4.Bölüm

510 17 5
                                    

"İyi misin?"

Başımı salladım.
İyiydim. O günden sonra daha iyiydim.
Zayn Malik benim doktorum olmuştu nasıl iyi olmam.

Önünde duran kahveden bir yudum alıp bakışlarını denize çevirdi.
Benim bakışlarım ondaydı.

"Ali Asaf?"

Bakışları hala denizdeyken beni yanıtladı."Evet?"

"Sen iyi misin?"

Güldü.

"İyiyim." Dedi.

İyi değildi.
Yalan söylüyor.

Benim hala ona baktığıma kayıtsız kalmayıp bana baktı.
"İyiyim,Leila gerçekten."

Başımı olumsuzca salladım.
"Değilsin." Dedim. İyi falan değildi. Galiba yine evde sorun var.
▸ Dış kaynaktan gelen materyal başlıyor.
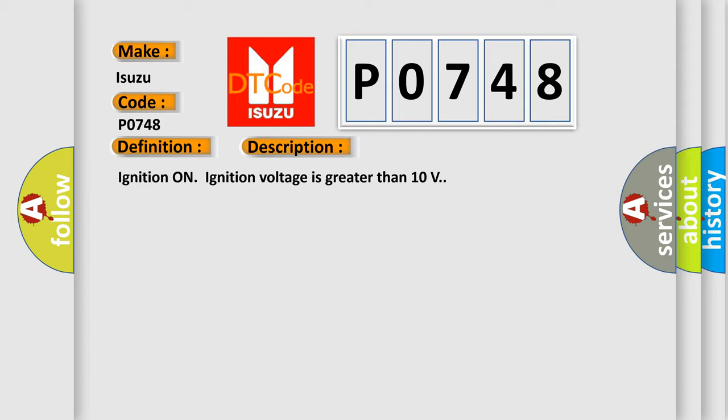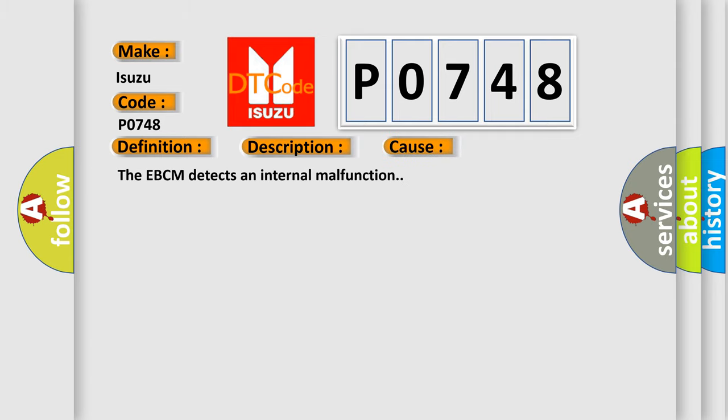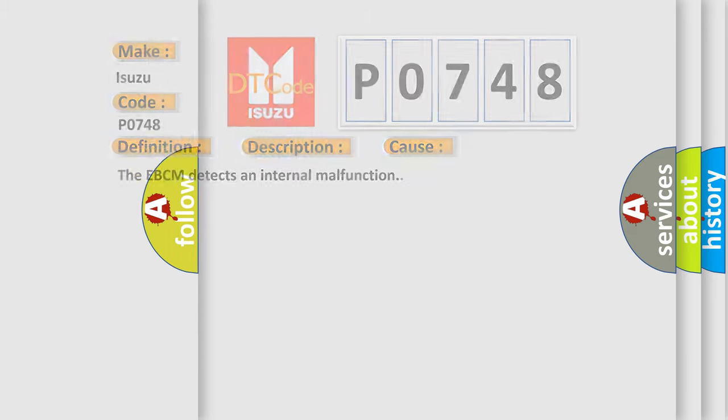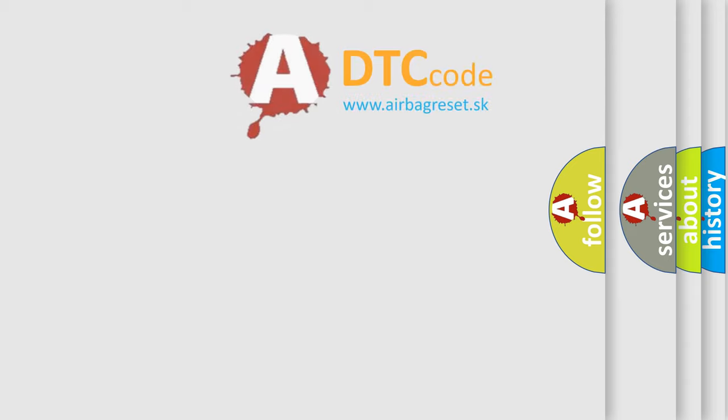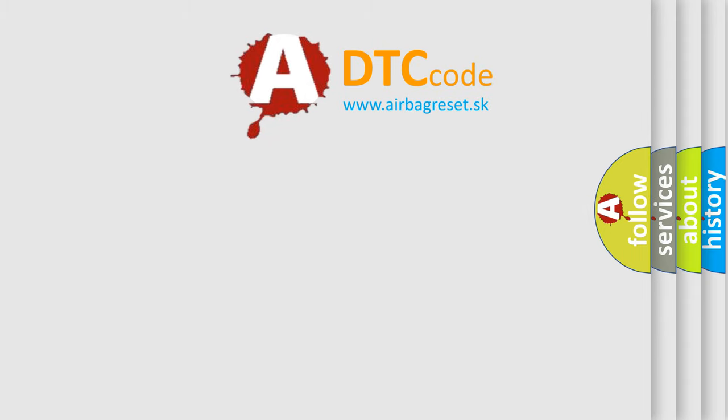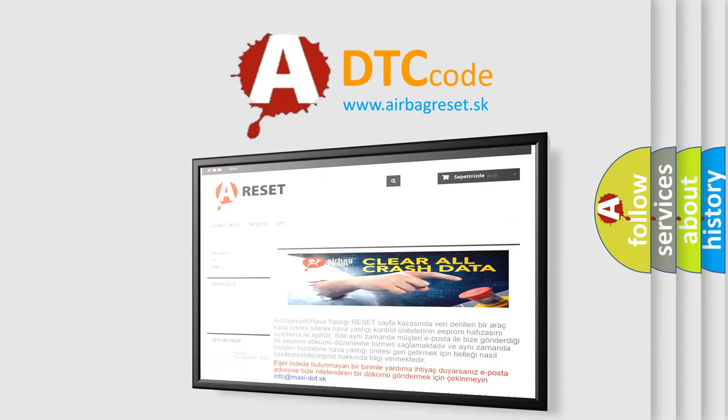This diagnostic error occurs most often in these cases: The EBCM detects an internal malfunction. The Airbag Reset website aims to provide information in 52 languages. Thank you for your attention.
Derin bir nefes alıp bana baktı.
"Ev." Diye mırıldandı.

"Anlatmak istersen dinlerim."

Burukça gülümsedi."Teşekkür ederim."

Masanın üzerinde duran elini sıktım.
"Unuttun mu biz arkadaşız,ne zaman ihtiyacın olursa buradayım." Dedim.

"Arkadaş." Diye mırıldandı.

Elimi yavaşça çektim. Her zaman ki gibi buna cevabım yoktu.

"Kahven soğudu." Konuyu değiştirdi.

Gülümseyip soğuyan kahvemden bir yudum aldım.

"Çok fazla kahve içmiyorsun değil mi?"

Sorusuna karşılık onaylar şekilde mırıldandım. Evet içmiyordum fazla kafein olduğu için kalbimi yoruyordu.

"Güzel." Dedi.

Cama çarpan yağmur damlalarıyla gülümseyip oraya baktım.

"Çok seviyorsun yağmuru?"

Derin bir nefes aldım.
"Evet." Dedim. Bakışlarım camdaydı.
Onun bakışları ise benim üzerimdeydi.
Hem de çok seviyordum galiba Londra'nın en iyi özelliği buydu;neredeyse her gün kapalı ve yağmurlu olması.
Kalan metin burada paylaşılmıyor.